## WHAT IS NEEDED
Once you have read the data below, please repeat all of it exactly.

Data extracted from a collection
• • • • •
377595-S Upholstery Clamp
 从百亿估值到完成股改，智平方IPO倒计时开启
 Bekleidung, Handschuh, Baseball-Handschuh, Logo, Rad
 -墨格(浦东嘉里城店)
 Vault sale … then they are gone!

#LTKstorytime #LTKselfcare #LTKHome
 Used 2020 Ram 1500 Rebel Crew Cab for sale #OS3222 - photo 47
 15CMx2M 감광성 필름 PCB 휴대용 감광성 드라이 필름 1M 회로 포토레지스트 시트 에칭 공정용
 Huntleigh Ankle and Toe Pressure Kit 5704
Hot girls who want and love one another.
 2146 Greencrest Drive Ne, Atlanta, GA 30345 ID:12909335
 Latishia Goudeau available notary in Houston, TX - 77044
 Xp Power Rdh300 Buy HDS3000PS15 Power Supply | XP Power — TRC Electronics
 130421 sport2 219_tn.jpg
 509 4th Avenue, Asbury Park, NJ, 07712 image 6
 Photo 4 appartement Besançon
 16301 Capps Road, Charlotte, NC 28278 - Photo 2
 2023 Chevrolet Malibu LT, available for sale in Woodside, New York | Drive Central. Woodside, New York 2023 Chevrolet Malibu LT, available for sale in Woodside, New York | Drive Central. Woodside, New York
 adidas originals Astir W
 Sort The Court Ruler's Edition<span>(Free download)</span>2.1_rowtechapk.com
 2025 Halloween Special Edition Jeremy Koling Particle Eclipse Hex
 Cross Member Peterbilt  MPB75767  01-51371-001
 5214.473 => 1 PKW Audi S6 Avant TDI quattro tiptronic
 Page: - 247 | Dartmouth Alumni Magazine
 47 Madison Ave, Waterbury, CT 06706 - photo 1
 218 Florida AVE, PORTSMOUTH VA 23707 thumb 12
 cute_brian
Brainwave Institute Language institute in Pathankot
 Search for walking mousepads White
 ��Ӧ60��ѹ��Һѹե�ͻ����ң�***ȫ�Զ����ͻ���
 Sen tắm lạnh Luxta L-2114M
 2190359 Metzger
• • • • •
## RESPONSE BELOW
377595-S Upholstery Clamp
 从百亿估值到完成股改，智平方IPO倒计时开启
 Bekleidung, Handschuh, Baseball-Handschuh, Logo, Rad
 -墨格(浦东嘉里城店)
 Vault sale … then they are gone!

#LTKstorytime #LTKselfcare #LTKHome
 Used 2020 Ram 1500 Rebel Crew Cab for sale #OS3222 - photo 47
 15CMx2M 감광성 필름 PCB 휴대용 감광성 드라이 필름 1M 회로 포토레지스트 시트 에칭 공정용
 Huntleigh Ankle and Toe Pressure Kit 5704
Hot girls who want and love one another.
 2146 Greencrest Drive Ne, Atlanta, GA 30345 ID:12909335
 Latishia Goudeau available notary in Houston, TX - 77044
 Xp Power Rdh300 Buy HDS3000PS15 Power Supply | XP Power — TRC Electronics
 130421 sport2 219_tn.jpg
 509 4th Avenue, Asbury Park, NJ, 07712 image 6
 Photo 4 appartement Besançon
 16301 Capps Road, Charlotte, NC 28278 - Photo 2
 2023 Chevrolet Malibu LT, available for sale in Woodside, New York | Drive Central. Woodside, New York 2023 Chevrolet Malibu LT, available for sale in Woodside, New York | Drive Central. Woodside, New York
 adidas originals Astir W
 Sort The Court Ruler's Edition<span>(Free download)</span>2.1_rowtechapk.com
 2025 Halloween Special Edition Jeremy Koling Particle Eclipse Hex
 Cross Member Peterbilt  MPB75767  01-51371-001
 5214.473 => 1 PKW Audi S6 Avant TDI quattro tiptronic
 Page: - 247 | Dartmouth Alumni Magazine
 47 Madison Ave, Waterbury, CT 06706 - photo 1
 218 Florida AVE, PORTSMOUTH VA 23707 thumb 12
 cute_brian
Brainwave Institute Language institute in Pathankot
 Search for walking mousepads White
 ��Ӧ60��ѹ��Һѹե�ͻ����ң�***ȫ�Զ����ͻ���
 Sen tắm lạnh Luxta L-2114M
 2190359 Metzger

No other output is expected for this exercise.